Everything from the line with "Baklykt Venstre – bilde 2" to the last line of the material below is what to reproduce, exactly and with no other lines.

***

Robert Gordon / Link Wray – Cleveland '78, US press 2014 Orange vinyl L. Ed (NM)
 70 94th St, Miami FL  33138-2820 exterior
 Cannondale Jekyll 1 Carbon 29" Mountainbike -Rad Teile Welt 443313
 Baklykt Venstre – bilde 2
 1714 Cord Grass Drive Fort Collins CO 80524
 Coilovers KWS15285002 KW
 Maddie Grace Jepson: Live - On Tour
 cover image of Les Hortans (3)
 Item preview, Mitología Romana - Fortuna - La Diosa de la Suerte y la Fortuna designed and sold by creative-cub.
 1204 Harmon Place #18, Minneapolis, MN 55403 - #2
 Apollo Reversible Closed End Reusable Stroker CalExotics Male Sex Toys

***

### Response to the exercise
 Baklykt Venstre – bilde 2
 1714 Cord Grass Drive Fort Collins CO 80524
 Coilovers KWS15285002 KW
 Maddie Grace Jepson: Live - On Tour
 cover image of Les Hortans (3)
 Item preview, Mitología Romana - Fortuna - La Diosa de la Suerte y la Fortuna designed and sold by creative-cub.
 1204 Harmon Place #18, Minneapolis, MN 55403 - #2
 Apollo Reversible Closed End Reusable Stroker CalExotics Male Sex Toys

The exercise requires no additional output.